## EXERCISE DIRECTIONS
Transcribe the listing verbatim. Do not carry over any pictures.

## DATASET EXCERPT
Segment Open

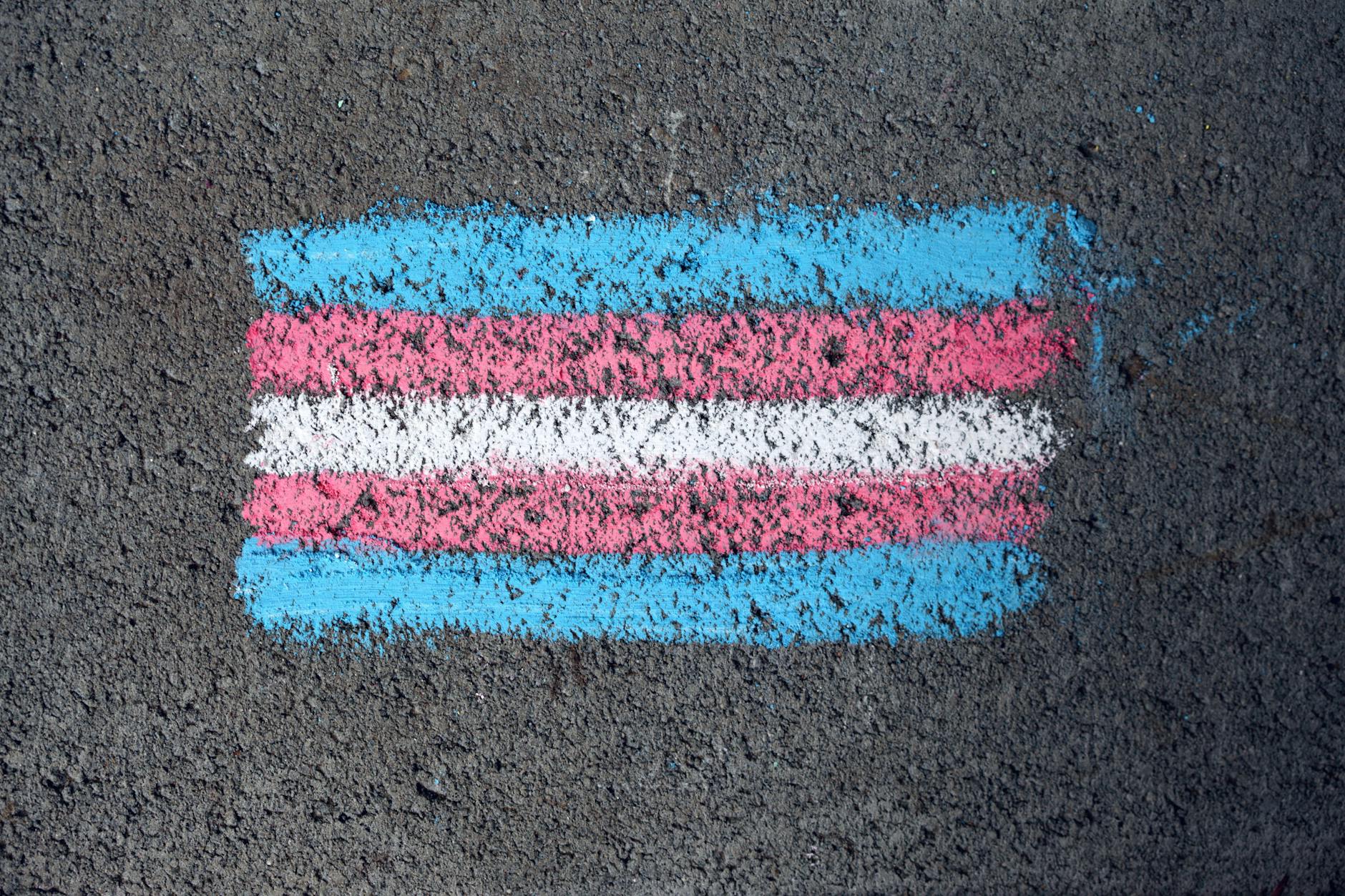 a pride flag drawn on the ground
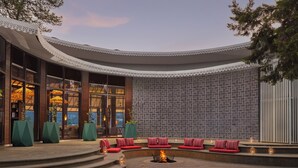 A modern outdoor seating area with steps leading to a fire pit, surrounded by cushioned seating and ambient lighting. - Naukuchia House, Naukuchiatal - IHCL SeleQtions (Nainital)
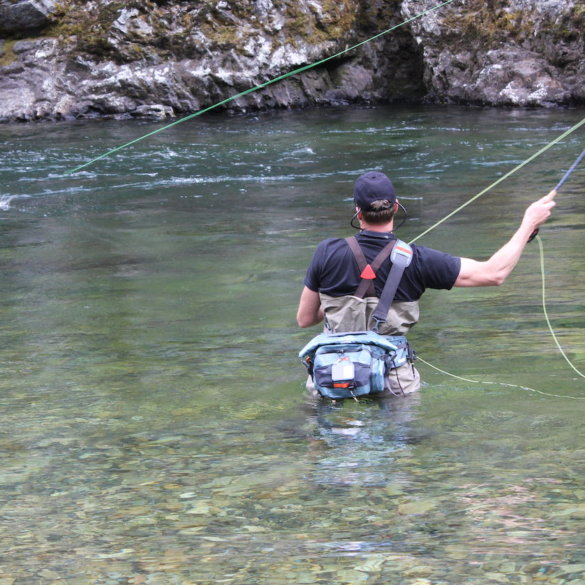 This photo shows a fly fisherman wading in a river while wearing the Umpqua Tongass 650 Waterproof Waist Pack.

Segment Closed

## RESULT
 a pride flag drawn on the ground
 A modern outdoor seating area with steps leading to a fire pit, surrounded by cushioned seating and ambient lighting. - Naukuchia House, Naukuchiatal - IHCL SeleQtions (Nainital)
 This photo shows a fly fisherman wading in a river while wearing the Umpqua Tongass 650 Waterproof Waist Pack.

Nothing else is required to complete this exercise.